The next panel, moderated by John Gartner of Navigant, included Zipcar Chief Marketing Officer Brian Harrington, CALSTART CEO John Boesel, and Sudipto Aich of Ford’s Silicon Valley office.

The conversation centered around emerging consumer trends and the sharing economy. A few developments became clear. The connected lifestyle of millennials is helping to drive product development and consumption patterns. Sharing of resources is likely to become more prevalent. Devices will increasingly communicate with us and provide feedback, often through our mobile devices.

Seven TED-type presentations followed, with some speakers looking into the near future, and others peering further out, daring us to stretch our imaginations. Five trends emerged with clarity here as well:

· A shift in the concept of what is public transit and what is private may change.

· Bike and scooter and car-sharing networks are growing more pervasive and convenient.

· Solar companies are no longer just the folks who put panels on your rooftop — they intend to become energy service companies. They are now offering batteries to complement their solar offerings, and someday may have more interaction with your electric vehicle as well.

· The driverless car is probably just a matter of time.

· New homes will eventually be net zero and high-efficient as a matter of course, and we will know the operating costs of a house the same way we think about miles per gallon for cars today.

Finally, the entire network of assets, whether electric scooters, charging stations, or EVs and solar panels, will be networked. At the hub of this? The individual’s phone, which will serve as a mobile platform for individual connectivity to a greater network while offering control over a universe of devices.

The EnTransit gathering also included an Immersion Hour where participants could experience different technologies. These included the Ford Fiesta with EcoBoost (43 highway mpg), the electric Focus and Fusion Energi. Ford’s self-parking feature impressed those who tried it. Some participants took rides around the block on the Ford-labeled electric bike by Pedego.

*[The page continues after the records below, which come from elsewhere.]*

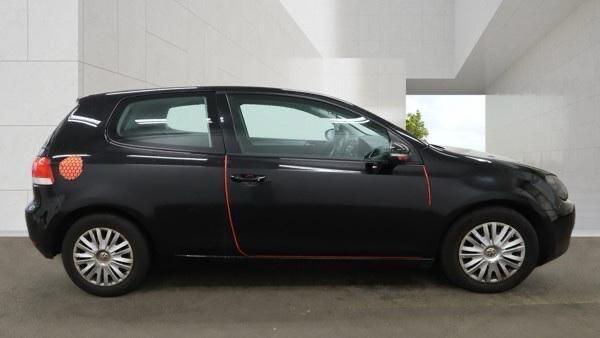 Volkswagen Golf view 3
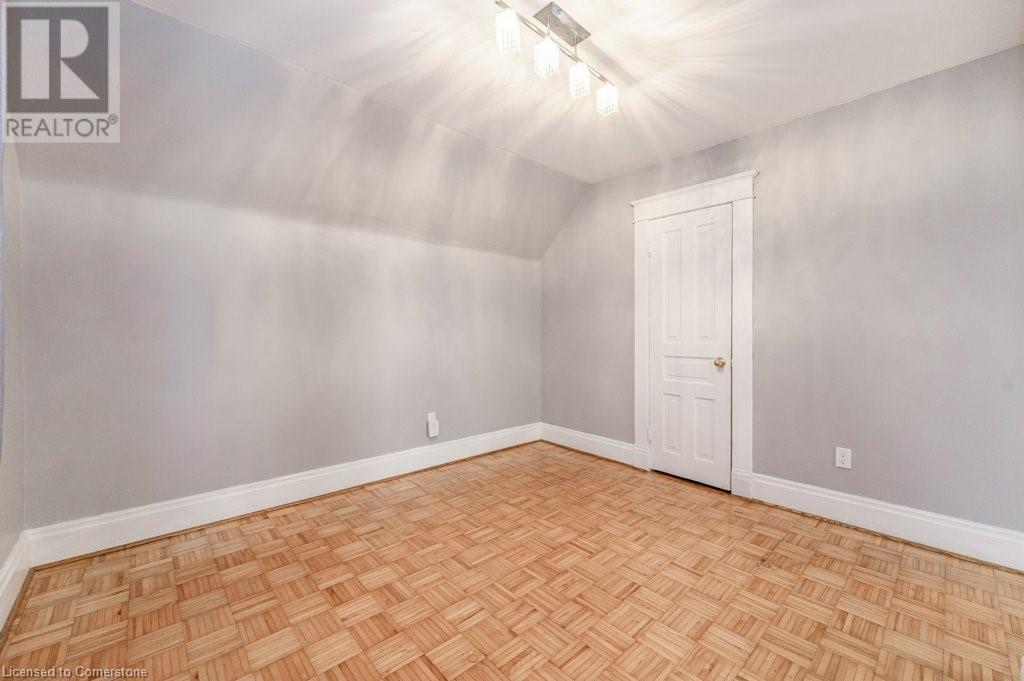 177 Weber Street E Unit# Upper, Kitchener, Ontario  N2H 1E3 - Photo 3 - 40671660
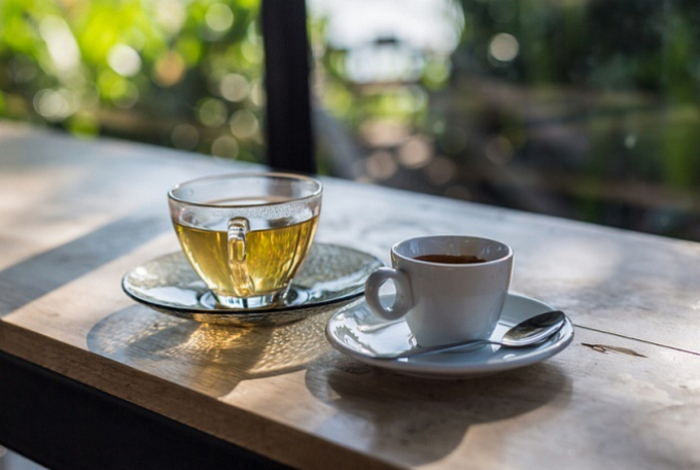 Действительно ли зеленый чай лучше кофе? Врачи и диетологи нашли ответ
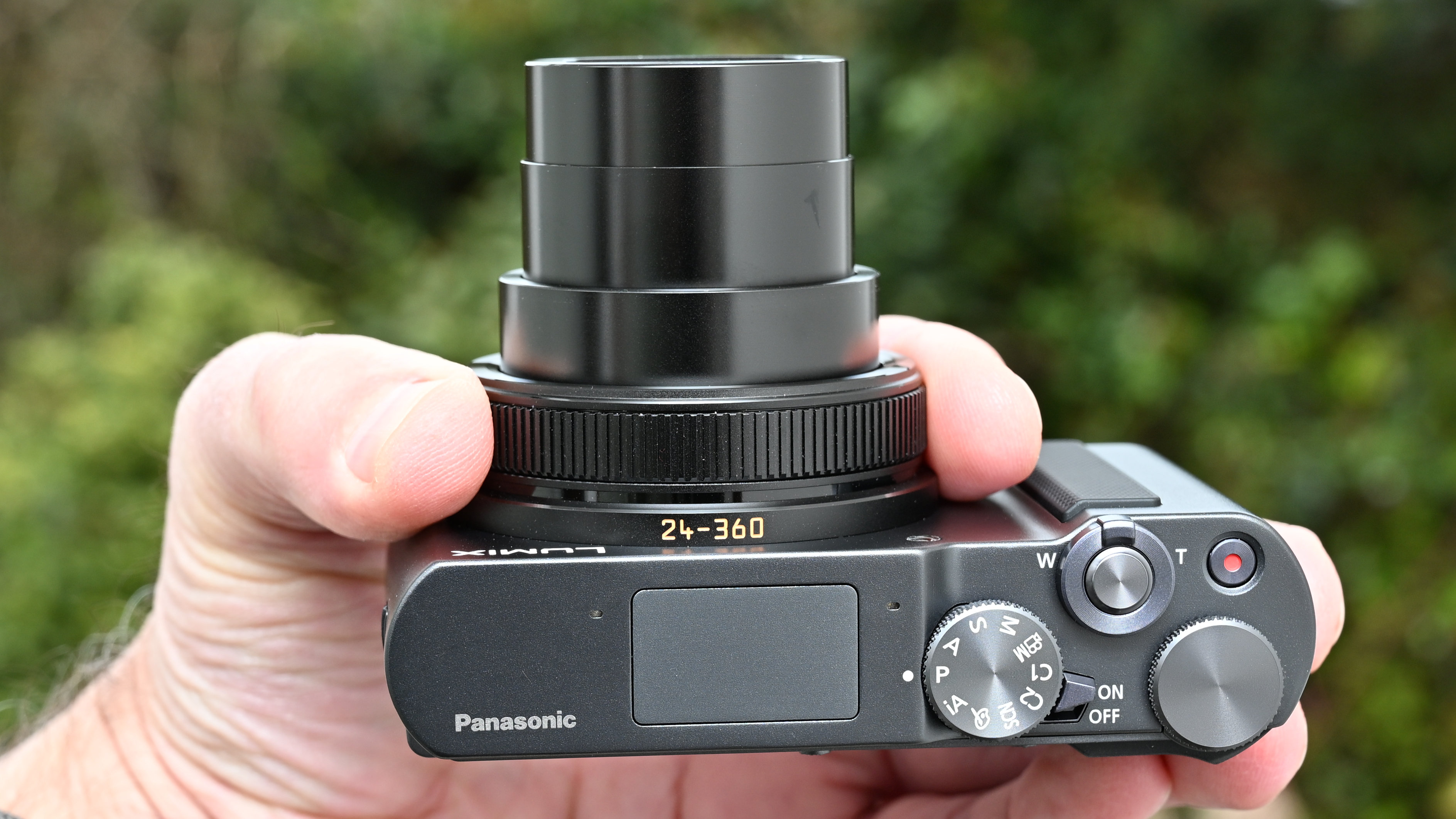 Panasonic Lumix ZS300 / TZ300 product shot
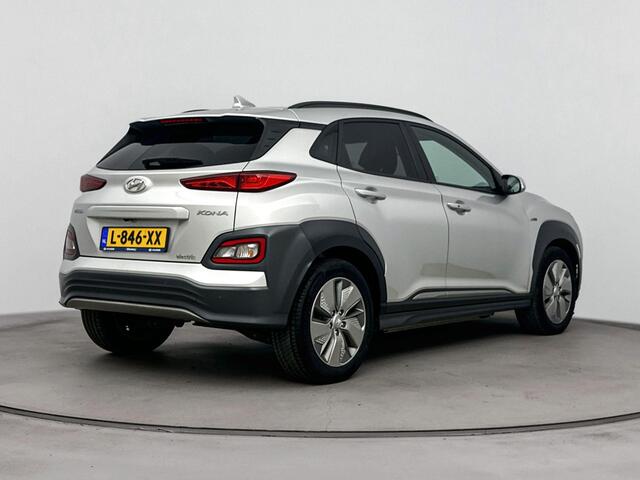 Hyundai Kona EV Fashion 64 kWh | Warmte pomp | Navigatie | Dodehoek detectie | Parkeersensor achter | Apple Carplay Android Auto |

Meanwhile, others donned virtual reality glasses for the simulated experience of motoring in Ford vehicles at various locations around the world. Sierra Club and Zipcar reps discussed their roles and relationships in the emerging energy future.

Ford’s Futurist, Sheryl Connelly, wrapped up the event by commenting that we live in uncertain times, in the context of rapidly changing behavior and technologies. Her message to those assembled was simple: the best way to cope with an uncertain future is to create it. Many talented individuals were gathered in San Francisco this past week to discuss just that.